Re: SIMD/SSE Instructions

Posted: Mon Jun 10, 2013 11:02 pm
by qbism
This topic is over my head, but I've found it useful to compare actual compiler output to the hand-tuned function. For one thing, the optimizer may be doing a better or at least equal job. Statics make a difference when a loop can park some variables in registers rather than looking them up every pass.

Re: SIMD/SSE Instructions

Posted: Tue Jun 11, 2013 12:13 am
by Spike
if you're using memcpy at all then you've already lost. :P

RB_MemCpy depends on mmx, and will corrupt any/all x87 registers.

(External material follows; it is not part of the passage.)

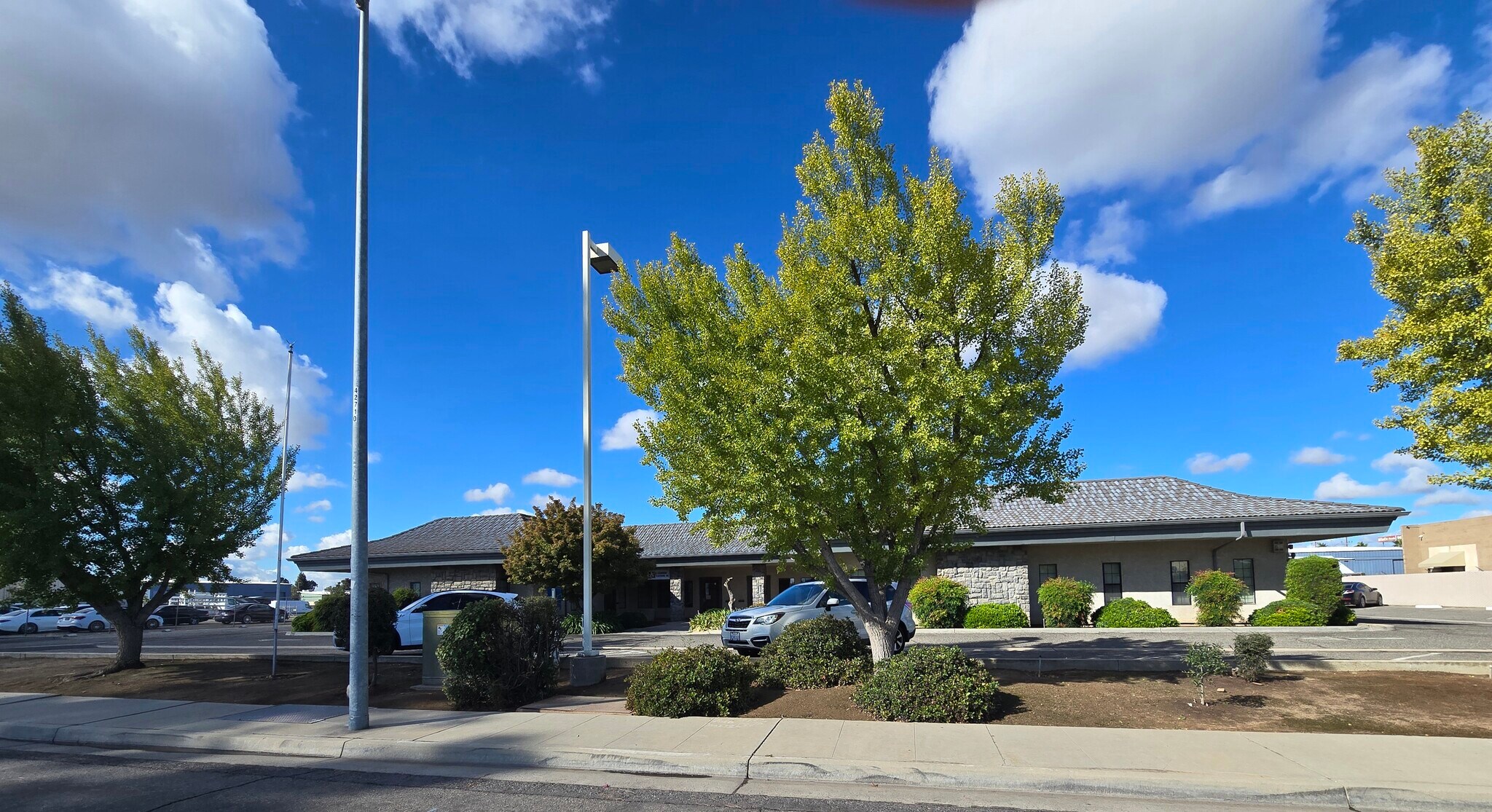 4747 N Bendel Ave, Fresno, CA for lease Building Photo- Image 1 of 4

You don't want to use it on small blocks of memory because that thing takes time to reset again afterwards.
memcpy is probably implemented as an intrinsic in most compilers (certainly gcc), at least if your size is a constant. for small copys, it'll just do the copy directly and bypass all function calls. it'll also be smart enough to notice when write over the dest in the following instructions and skip the extra reads, etc.
never underestimate the performance of the 'rep' prefix. :P

Re: SIMD/SSE Instructions

Posted: Tue Jun 11, 2013 4:03 am
by jitspoe
I didn't think memcpy was used that often in quake2. I was surprised it made an overall difference in performance, even if the performance difference was significant between the two functions. It looks like it's used for a handful of misc little things. I was actually not using the intrinsic memcpy, because I had one function that could toggle back and forth between the old and new memcpy (so I didn't have to rebuild everything to test the change). Using memcpy directly would perform better (at worst, 1 conditional and 1 function call less overhead, at best, optimized intrinsics).

Re: SIMD/SSE Instructions

Posted: Wed Jun 12, 2013 1:24 am
by revelator
Came with the code ;) but ill try a direct copy operation instead. Best guess is that mh did it to simplify the code, i need to copy a lot of registers :lol:

Re: SIMD/SSE Instructions

Posted: Sat Aug 24, 2013 2:47 pm
by mh
reckless wrote:Came with the code ;) but ill try a direct copy operation instead. Best guess is that mh did it to simplify the code, i need to copy a lot of registers :lol:
I did it to avoid cache pollution when copying from system memory to a vertex buffer (where the copied values just need to go straight from source to destination without going into the CPU cache as well). Notice the movntq/etc instructions: http://www.rz.uni-karlsruhe.de/rz/docs/ ... /vc198.htm

Re: SIMD/SSE Instructions

Posted: Sat Aug 24, 2013 4:08 pm
by Spike
/me blinks...
mh?
HE'S ALIVE! :D
Guys! He's alive!
guys?
hey! guys!
where did you all go?...
just us then eh, mh?

yeah, I'm a little bored right now. blurgh. still, nice to see you around again.

Re: SIMD/SSE Instructions

Posted: Sat Aug 24, 2013 6:25 pm
by revelator
hey m8 welcome back :)